Ядринцева встала, загремев стулом: она была близка к отчаянию. Но тут-то и последовали указания, те самые, из-за которых она заявилась к Пахомовым.
— Ты займись с Лавровой сама… я сделал все, что мог, — просто сказал Василий Иванович. — Думаю, женщина скорее и ближе подойдет к женщине, чем наш брат. — Тут он взглянул на жену, и та одобрительно кивнула.
— Что же, поговорить с ней надо? — спросила Ядринцева упавшим голосом.
— Не обязательно. Видишь ли… я не только Библией занимался, — Пахомов ободряюще улыбнулся Аполлинарии, — а успел кое-что сделать. К нам на завод пришли десятиклассники… из подшефной школы. Там есть девчушка одна… беленькая такая… она согласилась проходить практику в клепальном.

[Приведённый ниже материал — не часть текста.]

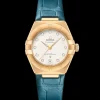 29 mm, or jaune sur bracelet en cuir|OMEGA Fashion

— И что же? — после недолгого молчания спросила Ядринцева. — Не обучит же девчушка безбожию нашу Лаврову?
— Обучит. Живой жизни обучит, молодостью своей заразит, если хочешь… А безбожие у девчушки естественнейшее.
Говоря это, Василий Иванович не спускал с Ядринцевой внимательных и как бы изучающих глаз.
— А потом не забывай… Лаврова дочку потеряла… И пусть возле нее эта беленькая будет… Ну, неужели нужно объяснять? — Он вздохнул, перевел взгляд на свои руки, лежавшие поверх одеяла. — Ты отбрось все страхи, подойди к Лавровой просто как человек к человеку. Будь внимательнее к ней… вернусь — спрошу, — прибавил он в заключение с шутливой угрозой.
Они наконец распрощались, и Ядринцева снова очутилась в переулке, уже ночном и теперь еще более тихом. Пройдя два-три дома, она остановилась в каком-то смутном оцепенении и с недоумением пробормотала: «Как человек к человеку…»
VIII
Катерина все раздумывала о рыжей иностранке и о подлой ее бумажке. Она не однажды говорила себе: «Не протягивала я руку за бумажонкой, не просила, силой мне всунули», — а на сердце все равно было неспокойно.